Ecrit par la Rédaction I
En matière de financement, la mise en œuvre de la régionalisation avancée a permis l’allocation d’importantes ressources financières par l’État au profit des régions, avec une augmentation très significative durant la période 2015-2022, de 771 MDH à 9,25 Mds de DH. Néanmoins, la mobilisation d’autres sources de financement n’est pas suffisamment exploitée.
La régionalisation avancée s’inscrit au cœur des chantiers stratégiques du Maroc, elle représente une consécration du processus de la décentralisation et la démocratie locale porté par notre pays, selon une approche progressive.

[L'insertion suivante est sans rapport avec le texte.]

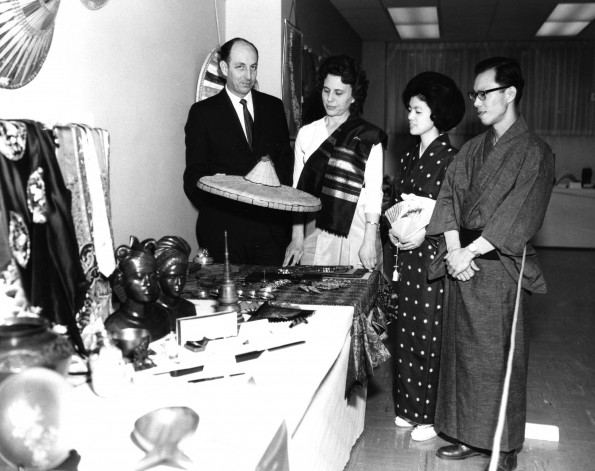 Two westerners and two natives at the Far Eastern Division table as part of the World Mission Exhibit at Andrews University Feb. 21 thru Mar. 1, 1967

La constitution de 2011 a consacré les principes de la régionalisation avancée, concrétisées à travers l’adoption, en 2015, des trois lois organiques portant sur les trois niveaux des collectivités territoriales. A rappeler que la période 2015-2018 a constitué une étape fondatrice dans le processus de la régionalisation avancée, à travers l’instauration et l’opérationnalisation des structures des conseils régionaux, le parachèvement du cadre réglementaire d’application des trois lois organiques (71 textes d’application), ainsi que l’adoption de la charte nationale de la déconcentration administrative.

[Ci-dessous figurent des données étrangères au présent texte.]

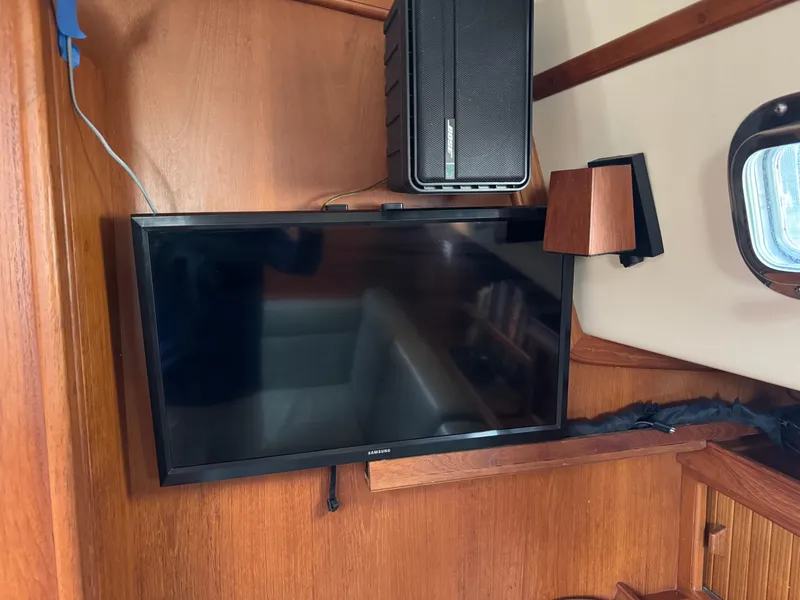 Slide: The Image of Flat-screen TV and speaker in 1999 Island Packet 45 yacht interior. - 33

Aujourd’hui, dans un contexte où le Maroc souhaite mener à bon escient un bon nombre de chantiers stratégiques économiques et sociaux. Où en sommes-nous dans ce projet d’envergure ?

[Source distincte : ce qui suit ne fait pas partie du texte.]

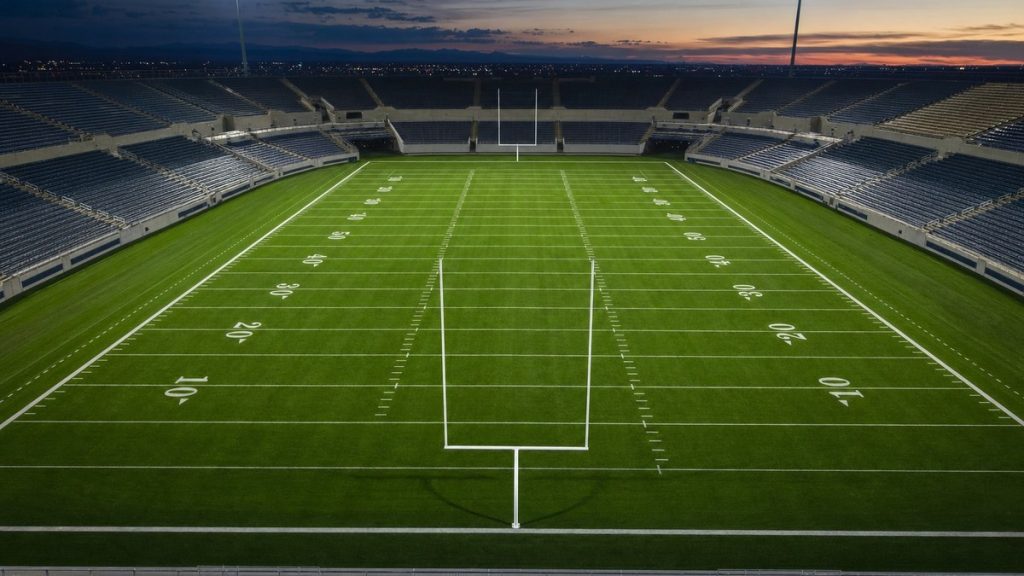 Campo de fútbol americano vacío con las líneas de yardas marcadas y los focos encendidos al anochecer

S’agissant du cadre institutionnel, il a été relevé dans le rapport de la Cour des comptes 2022-2023 qu’au niveau de l’administration régionale déconcentrée, un retard dans la création des représentations administratives communes, en raison de la non-tenue des réunions de la commission interministérielle de la déconcentration administrative durant la période allant de juillet 2020 à juin 2023. Aussi, est-il constaté le manque d’appropriation et d’instauration de la culture de transfert des attributions décisionnelles de l’administration centrale vers ses services déconcentrés.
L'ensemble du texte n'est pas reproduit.